Activity:
Restate only the tail of the data below, starting at the line that contains "this 1270×952 image." and including the last line, word for word.

Extracted records:
====
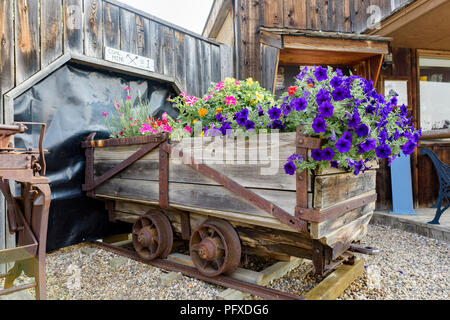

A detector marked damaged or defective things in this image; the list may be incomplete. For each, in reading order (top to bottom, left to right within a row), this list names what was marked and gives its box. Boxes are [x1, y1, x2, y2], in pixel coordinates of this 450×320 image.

rusty metal machinery [0, 122, 51, 300]
rusty cart wheel [131, 211, 173, 262]
rusty cart wheel [188, 219, 241, 276]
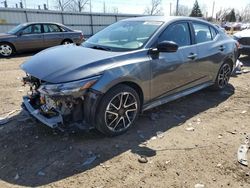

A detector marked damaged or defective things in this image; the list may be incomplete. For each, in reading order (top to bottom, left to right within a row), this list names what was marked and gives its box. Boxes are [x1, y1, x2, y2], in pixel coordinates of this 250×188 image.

front bumper damage [21, 75, 102, 130]
broken headlight [36, 75, 100, 95]
crumpled front hood [20, 44, 123, 83]
damaged gray sedan [20, 16, 237, 136]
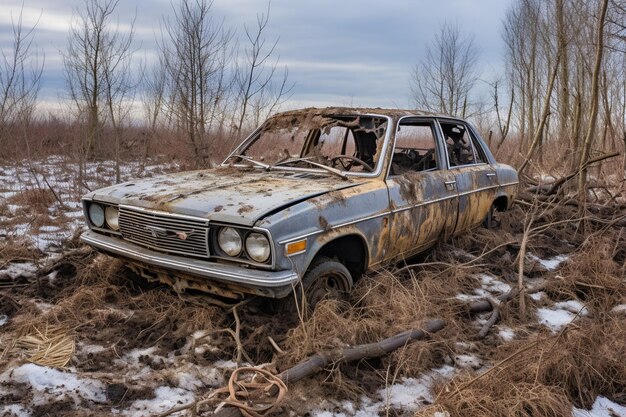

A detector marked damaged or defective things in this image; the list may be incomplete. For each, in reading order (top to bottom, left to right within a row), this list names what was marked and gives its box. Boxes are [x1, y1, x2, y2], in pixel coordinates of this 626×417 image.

abandoned rusty car [79, 106, 516, 302]
broken windshield [227, 112, 388, 174]
corroded car door [382, 116, 456, 260]
corroded car door [436, 118, 494, 232]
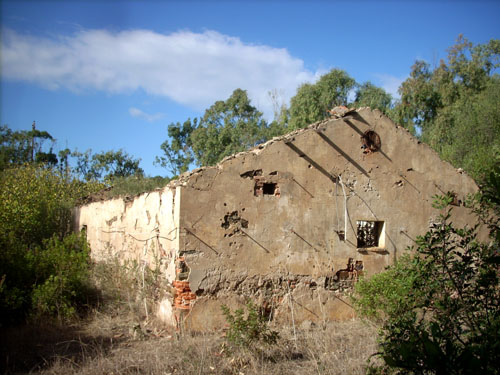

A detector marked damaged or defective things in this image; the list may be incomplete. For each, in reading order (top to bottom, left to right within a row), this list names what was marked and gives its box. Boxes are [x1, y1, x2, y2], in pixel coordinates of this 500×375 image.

broken window [356, 220, 386, 250]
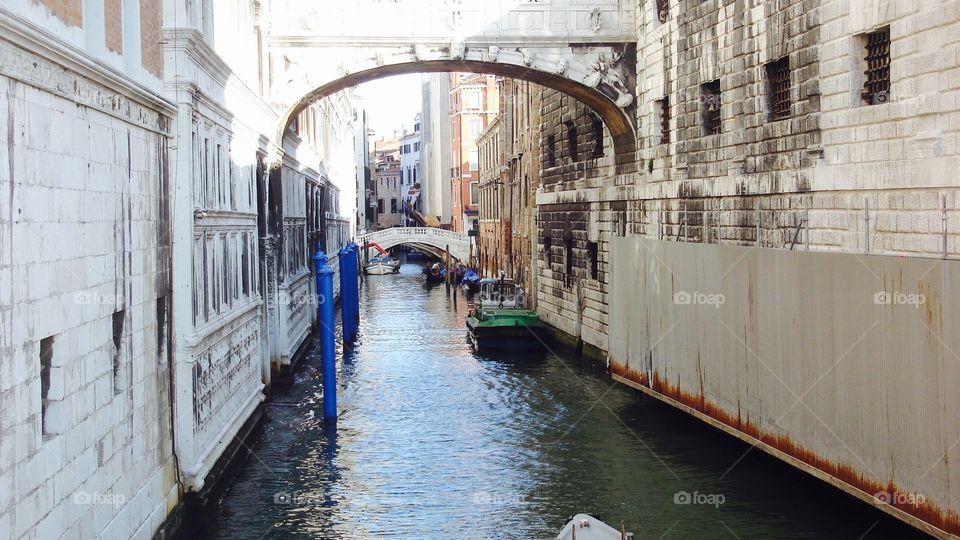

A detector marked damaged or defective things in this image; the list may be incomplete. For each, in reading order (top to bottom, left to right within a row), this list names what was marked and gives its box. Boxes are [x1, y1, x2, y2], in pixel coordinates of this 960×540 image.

rusty stained panel [608, 238, 960, 536]
rust stain [612, 358, 960, 536]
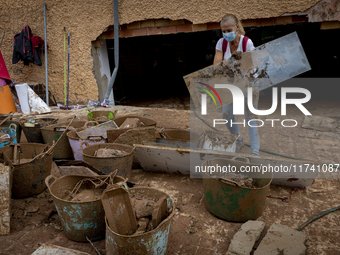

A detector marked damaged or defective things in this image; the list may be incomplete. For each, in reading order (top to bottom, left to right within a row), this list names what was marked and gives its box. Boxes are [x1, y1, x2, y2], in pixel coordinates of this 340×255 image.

flood-damaged wall [0, 0, 324, 103]
broken concrete [226, 220, 266, 254]
broken concrete [255, 224, 308, 254]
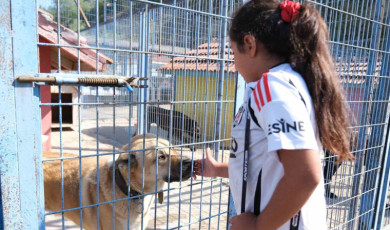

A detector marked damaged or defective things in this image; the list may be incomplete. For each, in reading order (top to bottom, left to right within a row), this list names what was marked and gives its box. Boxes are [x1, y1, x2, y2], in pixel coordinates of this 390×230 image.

rusty metal bracket [16, 75, 147, 93]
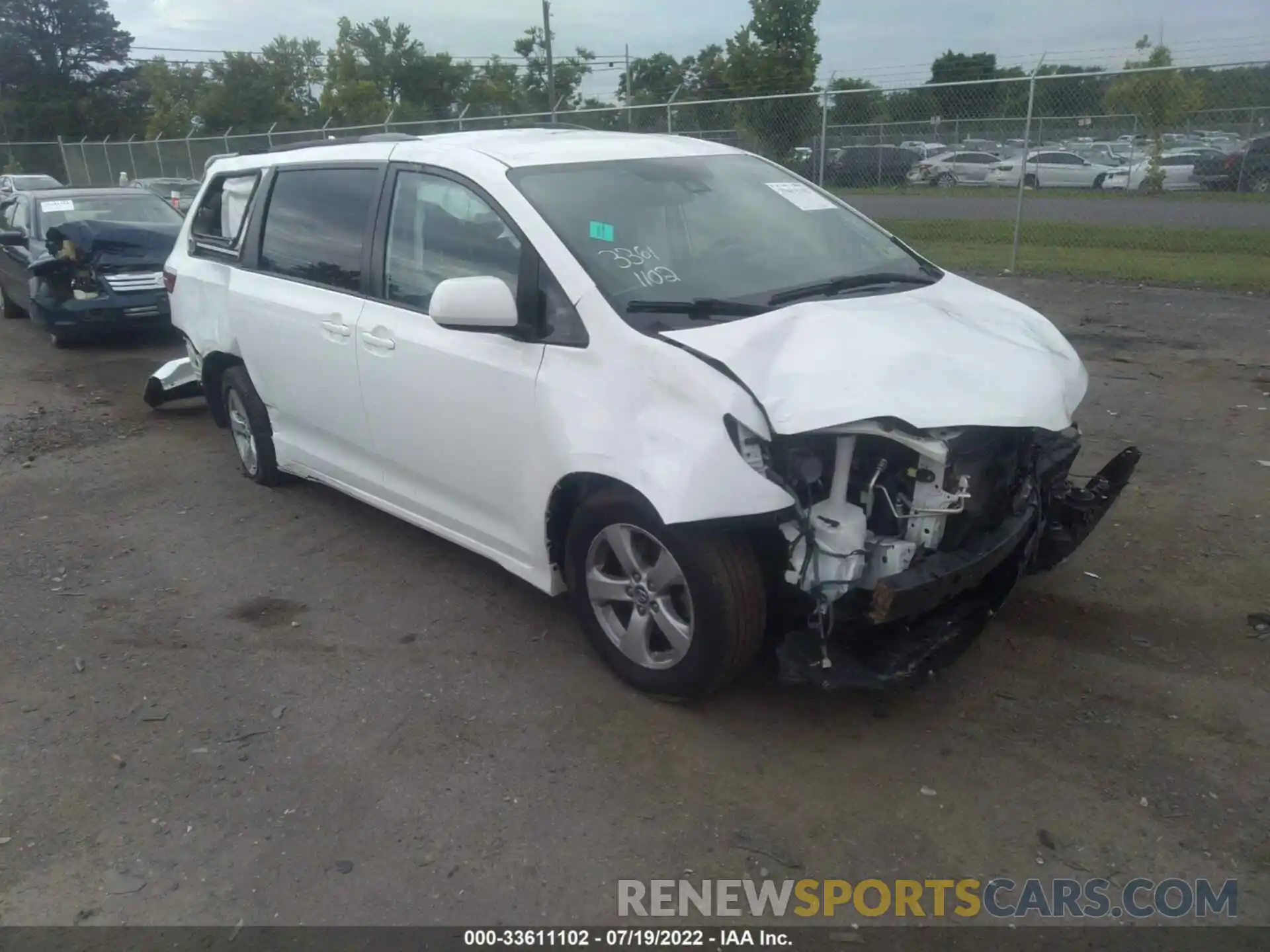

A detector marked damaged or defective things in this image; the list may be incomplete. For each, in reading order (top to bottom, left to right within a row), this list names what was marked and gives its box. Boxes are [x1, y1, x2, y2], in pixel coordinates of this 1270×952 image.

damaged black sedan [0, 188, 184, 346]
crumpled hood [36, 221, 180, 271]
destroyed front bumper [144, 354, 204, 405]
damaged suv [159, 130, 1143, 698]
crumpled hood [659, 271, 1085, 436]
severe front-end damage [762, 420, 1143, 688]
destroyed front bumper [773, 434, 1143, 693]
====
Answer to the problem:
A detector marked damaged or defective things in this image; the list may be incomplete. For each, in reading order (top to bottom, left to right within a row), this list names what was marked and gives its box. Boxes are [x1, y1, x2, y2], in pixel coordinates of this 1270×952 image.

damaged black sedan [0, 188, 184, 346]
crumpled hood [36, 221, 180, 271]
destroyed front bumper [144, 354, 204, 405]
damaged suv [159, 130, 1143, 698]
crumpled hood [659, 271, 1085, 436]
severe front-end damage [762, 420, 1143, 688]
destroyed front bumper [773, 434, 1143, 693]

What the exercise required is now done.